Last week I entered with a piece of fiction that was 162 words (and lost to a wonderful piece by Krista Ames). My daughter, who happens to be my first reader (except pieces with explicit sex, she is fifteen, afterall 🙂 ) and biggest fan was so mad at me because she felt like I didn’t finish the story. So this week I added to the story with a piece that was 188 words and won the contest.
(I have to be honest and admit that I am aware that no one else actually entered, so I kind of won by default).
Anyway, this is what I won:
And, just for fun, here are both stories for your enjoyment:
Story 1 was to include the phrase: She couldn’t believe her eyes…..
She lay alone in a big bed that was made for two. There wasn’t a noise in the house, not even the comforting creak of the building settling after a day of intense heat. Not the movement of another human being, not even the soft pitter patter of a cat’s feet.
He should have been there beside her, his slow, easy breaths the white noise she went to sleep to each night. But he was gone, never to lie beside her again.

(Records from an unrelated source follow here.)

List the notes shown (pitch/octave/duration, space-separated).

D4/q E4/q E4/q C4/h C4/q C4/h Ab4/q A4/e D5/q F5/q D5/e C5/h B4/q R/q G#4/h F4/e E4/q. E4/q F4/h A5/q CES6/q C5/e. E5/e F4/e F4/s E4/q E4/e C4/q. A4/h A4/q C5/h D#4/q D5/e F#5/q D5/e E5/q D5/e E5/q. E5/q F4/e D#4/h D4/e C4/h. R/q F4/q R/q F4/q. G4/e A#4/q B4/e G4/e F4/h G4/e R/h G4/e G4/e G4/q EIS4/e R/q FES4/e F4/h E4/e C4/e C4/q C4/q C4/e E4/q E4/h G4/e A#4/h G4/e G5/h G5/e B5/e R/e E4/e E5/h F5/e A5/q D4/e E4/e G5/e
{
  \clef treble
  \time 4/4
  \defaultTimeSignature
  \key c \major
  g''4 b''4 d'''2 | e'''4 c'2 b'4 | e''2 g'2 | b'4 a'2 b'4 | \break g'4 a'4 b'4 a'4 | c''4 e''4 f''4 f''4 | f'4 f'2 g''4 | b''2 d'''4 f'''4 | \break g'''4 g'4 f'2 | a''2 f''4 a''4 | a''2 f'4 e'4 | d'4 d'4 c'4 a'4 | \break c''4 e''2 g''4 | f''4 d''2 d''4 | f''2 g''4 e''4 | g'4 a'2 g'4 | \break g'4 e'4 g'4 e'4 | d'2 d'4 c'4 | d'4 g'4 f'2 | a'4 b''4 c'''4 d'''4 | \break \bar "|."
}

She rolled over, tried to forget the ache that had developed in her chest from the moment she got the news. But how could someone forget news like that? It reverberated through her mind, repeating so often it had become something like a mantra. “Your life is over,” it seemed to say. She would never forget that.
And then there was a sound, just the slightest moan, as the bedroom door began to swing inward.
She couldn’t believe her eyes…
And the winning story:
The required phrase was: He stared at the tattered shirt….
He walked through the door and approached the bed with shuffling footsteps. She stared, trying to figure out how this was possible. The things they told her, the things she had seen, words that created the mantra that had been replaying in her mind for weeks:
Your life is over.
“How are you here?”
He looked at her, a deep sadness in his eyes that made her heart melt where it stuttered in her chest. But he didn’t speak.
“They said…I saw you…”
He stared at the tattered shirt that barely covered a body that was more familiar to her than her own, confusion rushing across his face in waves that were nearly palpable. He looked up, desperation in the unasked questions in his eyes. But then his expression softened as he let his gaze move over the curves of her face, the tear stains that suddenly seemed unnecessary.
She reached out her hand and he took it, allowed her to pull him down onto that bed designed for two.
“I’ve missed you so much,” she whispered.
He answered with a kiss that stole everything from her soul.